# REQUIRED ACTION:
Exactly the lines from the one holding "Pin Sạc Dự Phòng" through the end of the material below must be printed, nothing more, and the pictures must be dropped.

** Opening DATA FOR ANALYSIS block **

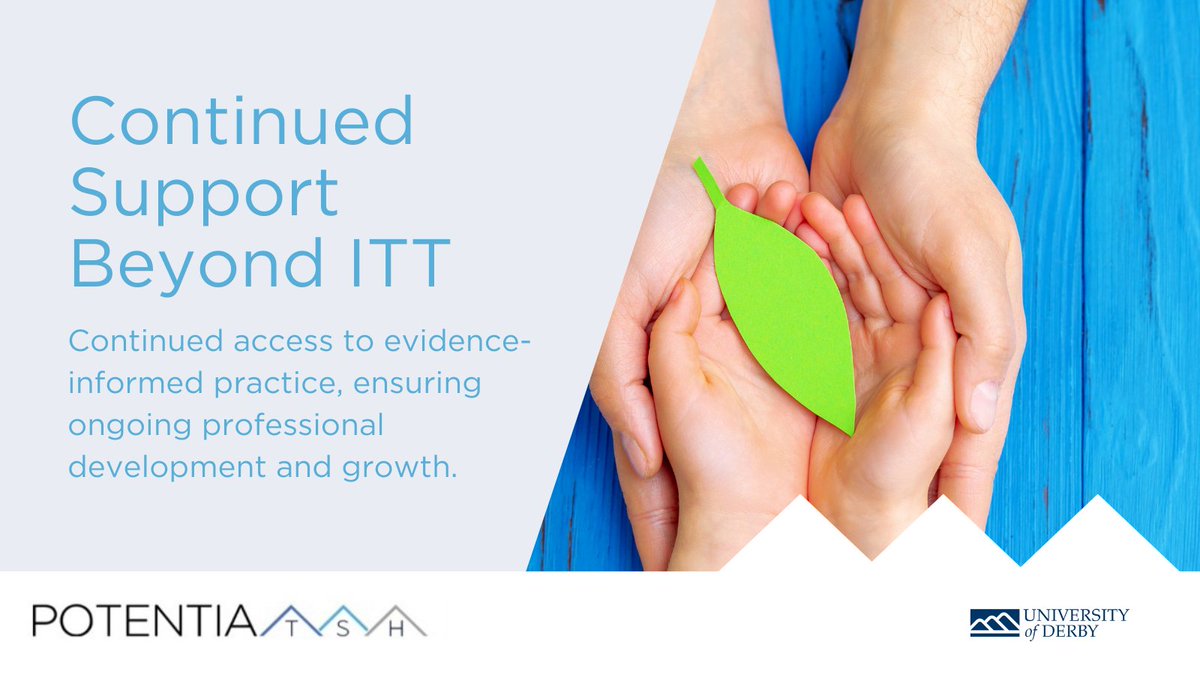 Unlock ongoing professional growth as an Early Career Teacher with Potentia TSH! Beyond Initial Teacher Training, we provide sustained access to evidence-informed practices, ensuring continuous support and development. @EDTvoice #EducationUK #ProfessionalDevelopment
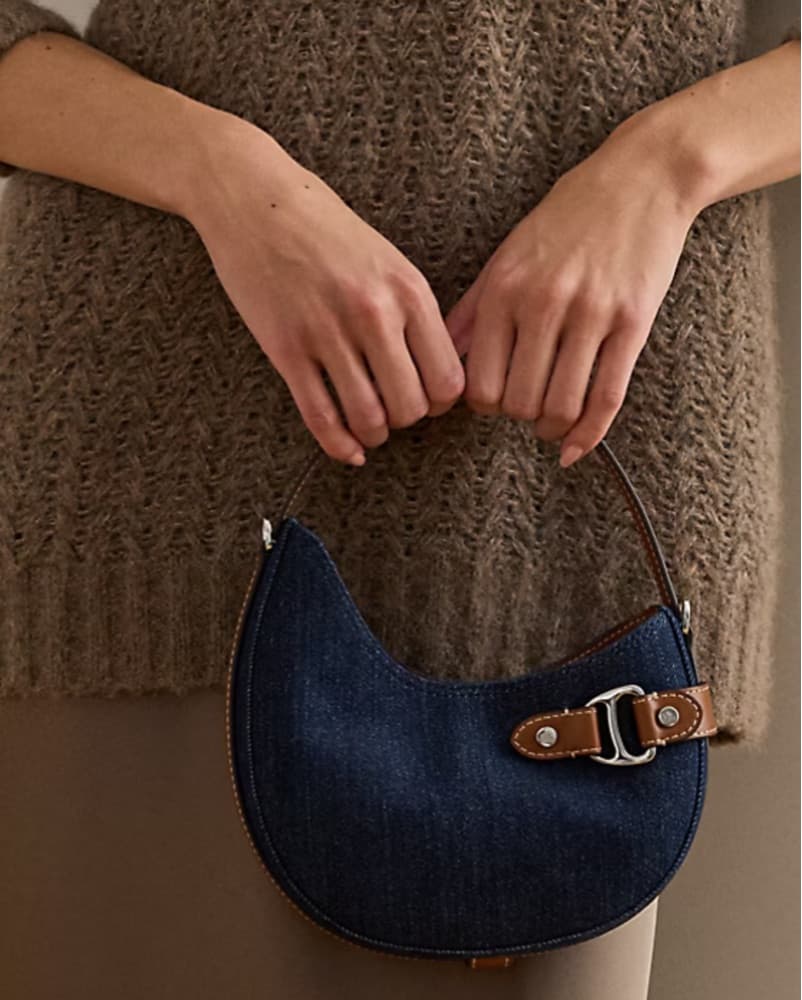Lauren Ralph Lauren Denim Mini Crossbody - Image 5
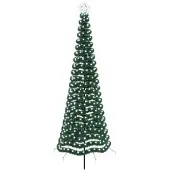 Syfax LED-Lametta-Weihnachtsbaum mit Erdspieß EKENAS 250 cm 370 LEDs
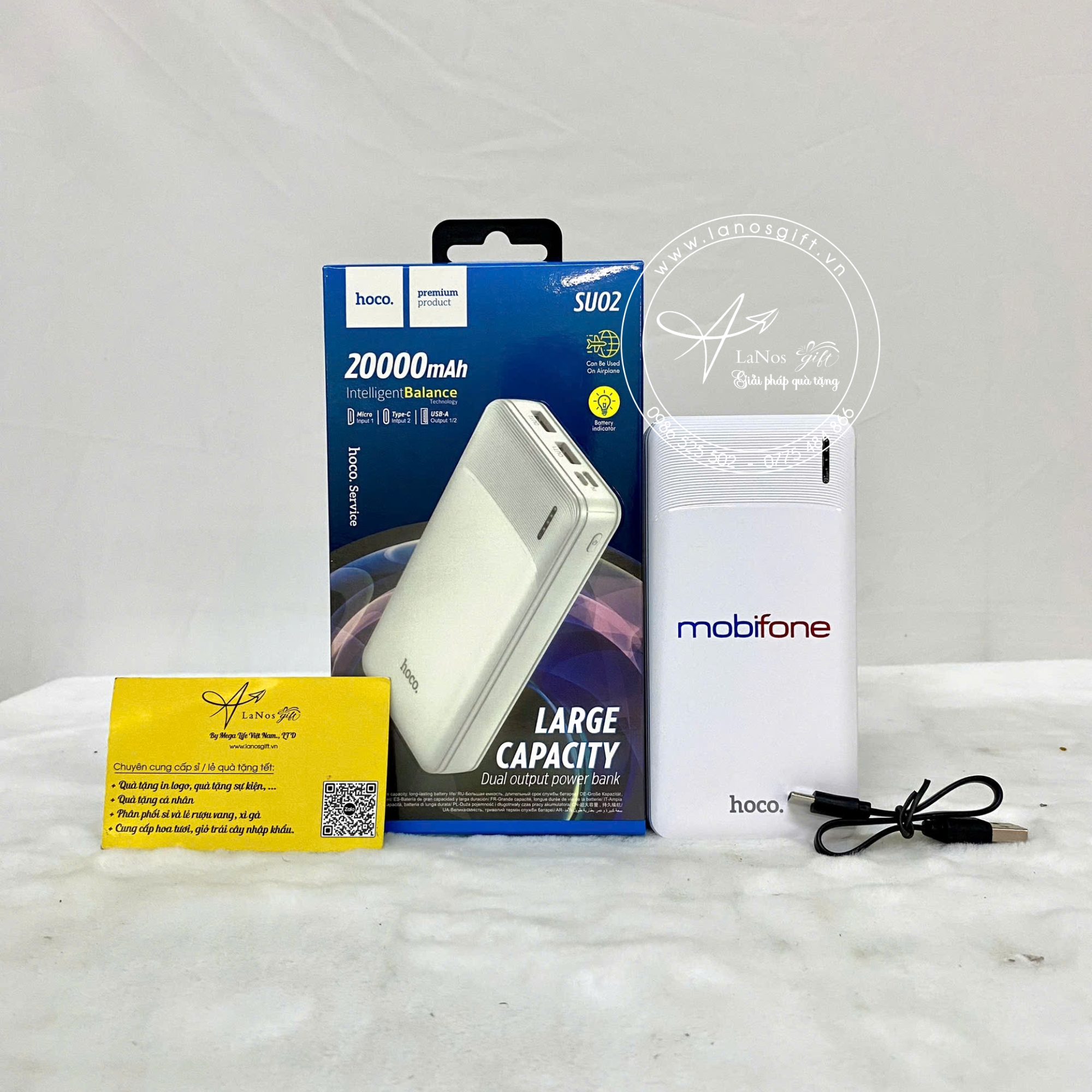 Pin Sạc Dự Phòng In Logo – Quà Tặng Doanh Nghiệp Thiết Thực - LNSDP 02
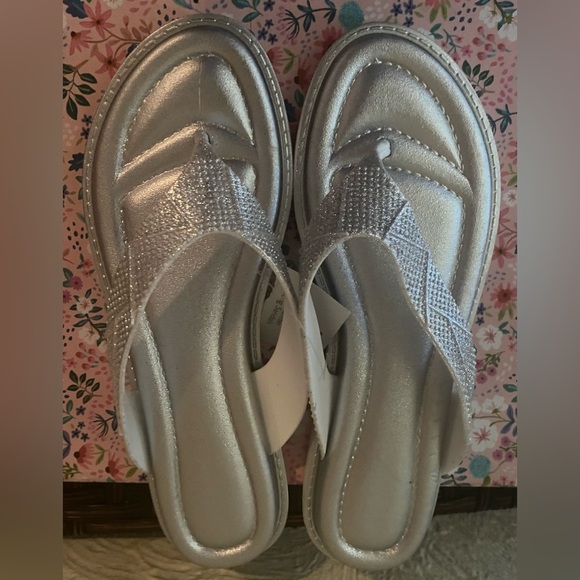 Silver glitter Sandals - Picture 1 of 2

** Closing DATA FOR ANALYSIS block **

# FINAL ANSWER:
 Pin Sạc Dự Phòng In Logo – Quà Tặng Doanh Nghiệp Thiết Thực - LNSDP 02
 Silver glitter Sandals - Picture 1 of 2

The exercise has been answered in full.